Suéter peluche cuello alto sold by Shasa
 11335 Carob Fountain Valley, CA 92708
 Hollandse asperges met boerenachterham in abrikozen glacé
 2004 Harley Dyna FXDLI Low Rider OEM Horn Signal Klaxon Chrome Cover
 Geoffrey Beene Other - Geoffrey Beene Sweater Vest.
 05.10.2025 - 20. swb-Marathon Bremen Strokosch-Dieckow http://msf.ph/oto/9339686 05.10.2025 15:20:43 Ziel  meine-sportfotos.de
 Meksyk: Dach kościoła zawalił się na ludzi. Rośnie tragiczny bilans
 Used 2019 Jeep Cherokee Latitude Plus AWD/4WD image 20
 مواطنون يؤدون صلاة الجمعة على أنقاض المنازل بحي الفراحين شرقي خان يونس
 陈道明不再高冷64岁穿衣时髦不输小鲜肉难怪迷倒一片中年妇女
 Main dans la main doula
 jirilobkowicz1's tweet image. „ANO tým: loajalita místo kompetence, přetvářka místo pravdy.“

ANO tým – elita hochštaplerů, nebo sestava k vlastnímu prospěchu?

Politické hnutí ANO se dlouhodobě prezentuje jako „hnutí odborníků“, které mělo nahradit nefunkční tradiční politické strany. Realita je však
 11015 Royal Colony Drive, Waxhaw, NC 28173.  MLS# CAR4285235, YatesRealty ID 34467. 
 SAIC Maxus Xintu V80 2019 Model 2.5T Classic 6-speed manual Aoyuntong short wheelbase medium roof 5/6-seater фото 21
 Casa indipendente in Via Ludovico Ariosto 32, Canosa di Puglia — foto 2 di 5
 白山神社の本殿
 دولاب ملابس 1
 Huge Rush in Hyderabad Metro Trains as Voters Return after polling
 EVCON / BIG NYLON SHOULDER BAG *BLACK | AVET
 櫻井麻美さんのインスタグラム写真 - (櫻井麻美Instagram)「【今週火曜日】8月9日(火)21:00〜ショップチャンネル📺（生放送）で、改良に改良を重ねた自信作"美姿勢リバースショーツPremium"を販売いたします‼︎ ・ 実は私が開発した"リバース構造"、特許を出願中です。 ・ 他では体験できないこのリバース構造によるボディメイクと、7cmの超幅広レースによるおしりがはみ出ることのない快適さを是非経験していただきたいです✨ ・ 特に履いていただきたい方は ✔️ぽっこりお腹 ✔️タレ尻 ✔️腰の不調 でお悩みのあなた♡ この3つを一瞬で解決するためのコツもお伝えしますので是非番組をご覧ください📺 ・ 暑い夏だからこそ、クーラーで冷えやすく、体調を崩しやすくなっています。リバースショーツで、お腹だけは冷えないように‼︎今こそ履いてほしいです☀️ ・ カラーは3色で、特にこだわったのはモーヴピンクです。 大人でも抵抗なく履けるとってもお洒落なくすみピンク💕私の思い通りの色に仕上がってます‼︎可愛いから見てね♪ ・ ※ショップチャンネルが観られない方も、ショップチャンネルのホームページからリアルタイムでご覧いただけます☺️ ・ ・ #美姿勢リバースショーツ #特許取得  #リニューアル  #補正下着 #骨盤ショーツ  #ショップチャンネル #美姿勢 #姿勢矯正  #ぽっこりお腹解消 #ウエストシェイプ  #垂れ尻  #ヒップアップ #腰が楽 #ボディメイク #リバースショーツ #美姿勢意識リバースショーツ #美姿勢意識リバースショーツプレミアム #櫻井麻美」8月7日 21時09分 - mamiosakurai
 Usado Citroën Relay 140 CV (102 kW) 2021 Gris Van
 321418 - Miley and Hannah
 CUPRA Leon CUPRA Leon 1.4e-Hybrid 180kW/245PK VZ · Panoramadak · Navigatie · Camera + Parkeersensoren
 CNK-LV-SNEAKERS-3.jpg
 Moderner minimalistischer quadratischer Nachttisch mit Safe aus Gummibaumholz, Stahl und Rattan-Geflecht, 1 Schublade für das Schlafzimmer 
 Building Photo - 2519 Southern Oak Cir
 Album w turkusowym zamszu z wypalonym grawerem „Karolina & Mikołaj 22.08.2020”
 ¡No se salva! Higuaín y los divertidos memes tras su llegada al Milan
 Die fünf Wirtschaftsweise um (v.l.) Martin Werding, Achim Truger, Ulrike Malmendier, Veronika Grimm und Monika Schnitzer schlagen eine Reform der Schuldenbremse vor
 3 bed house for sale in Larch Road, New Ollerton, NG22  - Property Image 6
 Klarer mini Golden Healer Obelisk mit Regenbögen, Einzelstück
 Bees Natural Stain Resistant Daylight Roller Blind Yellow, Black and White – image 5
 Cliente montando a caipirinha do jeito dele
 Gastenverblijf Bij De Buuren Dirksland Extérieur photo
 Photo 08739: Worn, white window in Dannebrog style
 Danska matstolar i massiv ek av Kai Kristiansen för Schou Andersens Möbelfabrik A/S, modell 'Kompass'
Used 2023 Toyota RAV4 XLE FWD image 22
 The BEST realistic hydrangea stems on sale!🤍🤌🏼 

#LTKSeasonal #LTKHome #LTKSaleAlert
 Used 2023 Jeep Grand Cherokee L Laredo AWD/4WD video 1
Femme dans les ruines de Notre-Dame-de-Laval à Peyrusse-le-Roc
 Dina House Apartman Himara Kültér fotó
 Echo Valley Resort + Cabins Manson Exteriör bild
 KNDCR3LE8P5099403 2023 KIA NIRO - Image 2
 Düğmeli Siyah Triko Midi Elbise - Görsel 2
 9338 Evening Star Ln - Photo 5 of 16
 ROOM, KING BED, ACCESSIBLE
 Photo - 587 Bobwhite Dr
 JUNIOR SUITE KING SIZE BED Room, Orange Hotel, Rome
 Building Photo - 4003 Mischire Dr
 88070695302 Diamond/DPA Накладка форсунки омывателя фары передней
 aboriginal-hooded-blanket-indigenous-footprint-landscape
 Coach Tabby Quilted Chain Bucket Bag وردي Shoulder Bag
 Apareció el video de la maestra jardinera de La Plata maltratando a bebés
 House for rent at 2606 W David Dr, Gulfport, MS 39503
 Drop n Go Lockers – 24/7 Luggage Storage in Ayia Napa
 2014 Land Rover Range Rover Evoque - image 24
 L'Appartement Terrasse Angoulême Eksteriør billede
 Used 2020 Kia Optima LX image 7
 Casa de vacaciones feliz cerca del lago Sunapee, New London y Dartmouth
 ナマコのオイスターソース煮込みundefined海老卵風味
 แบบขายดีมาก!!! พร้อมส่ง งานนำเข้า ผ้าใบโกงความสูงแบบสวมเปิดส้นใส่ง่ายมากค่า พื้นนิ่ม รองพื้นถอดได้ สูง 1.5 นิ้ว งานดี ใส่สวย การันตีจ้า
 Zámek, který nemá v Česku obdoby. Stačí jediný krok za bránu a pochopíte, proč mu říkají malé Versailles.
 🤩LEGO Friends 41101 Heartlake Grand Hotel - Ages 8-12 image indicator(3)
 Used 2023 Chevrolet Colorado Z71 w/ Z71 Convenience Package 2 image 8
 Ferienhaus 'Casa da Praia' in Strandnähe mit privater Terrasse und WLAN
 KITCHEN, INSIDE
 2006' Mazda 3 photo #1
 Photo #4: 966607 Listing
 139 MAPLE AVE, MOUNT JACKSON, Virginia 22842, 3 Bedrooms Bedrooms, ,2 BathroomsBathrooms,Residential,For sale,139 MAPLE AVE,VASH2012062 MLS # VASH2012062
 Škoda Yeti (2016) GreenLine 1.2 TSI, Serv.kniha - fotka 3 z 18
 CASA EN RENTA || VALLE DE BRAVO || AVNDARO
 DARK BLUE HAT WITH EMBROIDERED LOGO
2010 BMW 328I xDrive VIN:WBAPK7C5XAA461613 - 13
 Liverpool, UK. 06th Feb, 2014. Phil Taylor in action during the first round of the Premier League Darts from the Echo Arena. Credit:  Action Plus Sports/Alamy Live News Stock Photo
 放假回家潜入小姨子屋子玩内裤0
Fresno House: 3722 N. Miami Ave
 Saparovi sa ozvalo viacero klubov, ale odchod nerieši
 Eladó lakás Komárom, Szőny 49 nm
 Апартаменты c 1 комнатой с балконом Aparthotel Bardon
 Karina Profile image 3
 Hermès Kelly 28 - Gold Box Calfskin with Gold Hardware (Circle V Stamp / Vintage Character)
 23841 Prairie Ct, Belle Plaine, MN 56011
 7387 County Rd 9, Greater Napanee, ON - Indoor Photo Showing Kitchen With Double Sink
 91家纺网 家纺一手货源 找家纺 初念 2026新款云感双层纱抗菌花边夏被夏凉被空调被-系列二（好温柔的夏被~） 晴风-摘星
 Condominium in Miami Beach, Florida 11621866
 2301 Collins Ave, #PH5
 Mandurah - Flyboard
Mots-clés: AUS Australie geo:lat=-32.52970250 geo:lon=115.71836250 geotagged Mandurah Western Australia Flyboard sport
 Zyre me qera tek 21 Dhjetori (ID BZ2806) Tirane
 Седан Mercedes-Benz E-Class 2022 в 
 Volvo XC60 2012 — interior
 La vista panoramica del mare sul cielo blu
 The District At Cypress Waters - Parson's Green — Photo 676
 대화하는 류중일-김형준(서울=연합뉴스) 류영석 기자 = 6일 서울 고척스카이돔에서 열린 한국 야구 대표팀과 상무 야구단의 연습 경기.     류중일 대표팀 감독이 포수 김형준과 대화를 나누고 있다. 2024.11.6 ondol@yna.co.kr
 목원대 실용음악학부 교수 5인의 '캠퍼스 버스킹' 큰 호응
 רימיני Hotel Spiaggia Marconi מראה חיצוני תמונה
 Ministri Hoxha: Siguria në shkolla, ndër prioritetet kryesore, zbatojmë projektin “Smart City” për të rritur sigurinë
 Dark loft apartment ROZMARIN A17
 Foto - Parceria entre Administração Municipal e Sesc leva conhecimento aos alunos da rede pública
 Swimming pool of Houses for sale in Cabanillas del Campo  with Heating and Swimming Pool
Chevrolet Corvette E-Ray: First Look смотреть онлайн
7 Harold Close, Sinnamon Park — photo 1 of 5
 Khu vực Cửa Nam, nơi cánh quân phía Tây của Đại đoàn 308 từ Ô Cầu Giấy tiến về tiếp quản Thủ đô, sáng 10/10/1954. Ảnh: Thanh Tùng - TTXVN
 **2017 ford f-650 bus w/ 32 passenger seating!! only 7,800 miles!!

- **YOUR INSTRUCTIONS**: From the listing, count how many lines contain the string "Cherokee", and answer with the number by itself.

- **FINISHED EXERCISE**: 2